Im Südwesten des Harzes dürfte die Luft dick gewesen sein zwischen dem Jobcenter und der Kreisvolkshochschule. Fragt man bei dem Jobcenter Osterode nach dem Kurs „De-Qualifizierung für Akademiker“, kommt eine sehr kurze Antwort: Die Leiterin der Abteilung Eingliederung, in deren Aufgabenbereich das wohl fallen würde, bittet zur Kenntnis zu nehmen, „dass das Jobcenter mit dem “offensichtlich vorgezogenen Aprilscherz der KVHS nichts zu tun hat„.

Da hatte sie schon mitbekommen, dass der “Intensivkurs„ mit der eigentlich aussagekräftigen Nummer 01.0413 und dem vermeintlichen Kursbeginn 1. April Wellen schlägt: Ein akademischer Abschluss oder eine Promotion könne beim Zugang zu bestimmten Berufen wie dem Bauhelfer eine große Einstellungshürde sein, hieß es. Der Kurs sollte helfen: Kleiden wie ein Bauhelfer, Sprechen wie ein Bauhelfer (“zielgruppenspezifisches Vokabular„) – damit auch aus promovierten Geisteswissenschaftlern “wieder echte Männer„ werden.

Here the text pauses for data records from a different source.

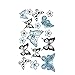 Produktbild 1pc Schmetterling Tattoo Aufkleber, Schlüsselbein Schulter temporäre Tattoo-Aufkleber, wasserdicht, 3D, Anti-Schweiß, langlebig, Body Art Tattoo-Aufkleber, Hochzeit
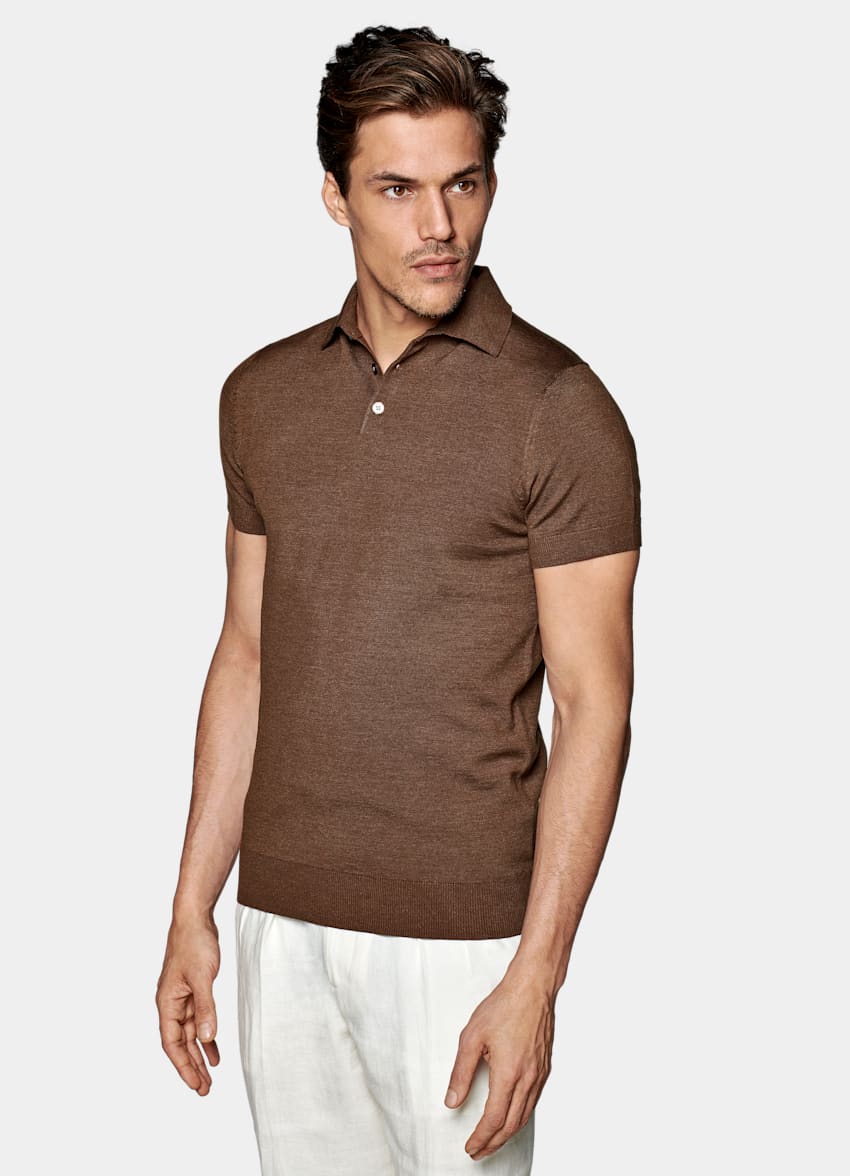 Dark brown polo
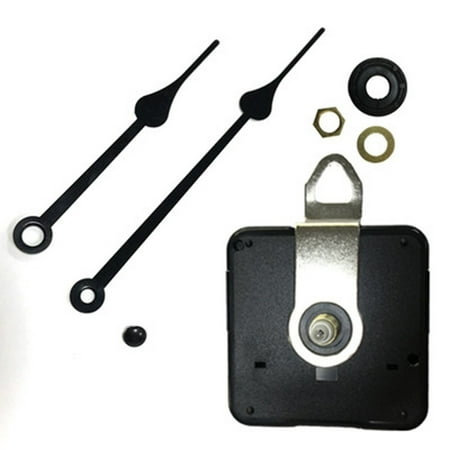 High Torque Clock Mechanism Long Spindle French Spade Black Handle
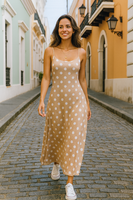 Sand Dot Noir Dress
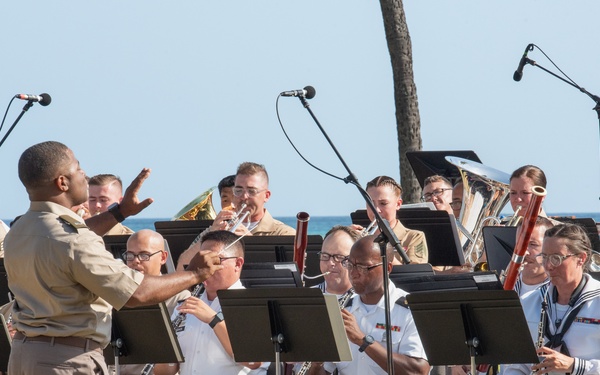 CW3 Alexander Davis conducts O'ahu Joint Forces Band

Die stark frequentierte Seite gegen-hartz.de, die immer wieder echte oder vermeintliche Auswüchse aufgreift, hatte sich am Donnerstag schon gewundert, der gleiche Text war dann auch bei den Leserbeiträgen auf den Seiten der Wochenzeitung Der Freitag zu lesen. “Wir hatten es zunächst für einen Scherz gehalten„, hieß es im Text. Dann aber doch nicht. Und auch in den Kommentaren malten sich empörte Leser den Kurs aus und fragten, welches Menschenbild von Arbeitslosen und von Menschen in einfachen Tätigkeiten dahinter steckt. Über die Sozialen Netzwerke wurde das Thema schnell verbreitet – und auch die in der Bundestagfraktion für Arbeitnehmerrechte zuständige Bundestagsabgeordnete schaltete sich ein:

Parallel meldete “Zeit Online„, dass der Text eines Mathematikers über die großen Probleme mancher Wissenschaftler bei der Stellensuche der meistgelesene Text ist – die Nöte treiben also viele Akademiker ernsthaft um.

Für die reingefallenen Autoren des Beitrags war es dann auch ein Beleg für den realen Irrsinn, dass sie das Angebot ernst genommen hatten. In der Tat würden Hartz IV-Bezieher mit akademischen Hintergrund nicht selten unter Androhungen von Sanktionen in Bauhelfer-Jobs “vermittelt„. Und nach wirklich angebotenen Schulungen wie Supermarkt-Einkaufs-oder Singekursen erscheine die De-Qualifizierung auch nicht völlig ausgeschlossen. Fazit: “Wir halten den Aprilscherz daher für nicht gelungen.„

Und die Volkshochschule, die offenbar Aprilscherze in ihrem Programmheft schon früher gemacht hat? Das PDF-Dokument, in dem der Kurs neben dem Logo des Jobcenters stand, wurde am Freitag aus dem Netz geholt. Auf der Internetseite wurde die Kursinfo “aus gegebenem Anlass" um einen deutlichen Hinweis auf den Starttermin und den Hinweis ergänzt, dass es sich um kein Angebot des Jobcenters handelt. Der Leiter der Volkshochschule reagierte nicht auf eine am Donnerstag per Mail verschickte Anfrage, am Freitag kam auf Nachfrage, er sei erst am 1. November wieder im Büro. Die Arbeitslosenquote im Bezirk der Geschäftsstelle Osterode lag im September bei 8,7 Prozent, 3135 Hartz IV-Empfänger waren laut Statistik arbeitssuchend gemeldet.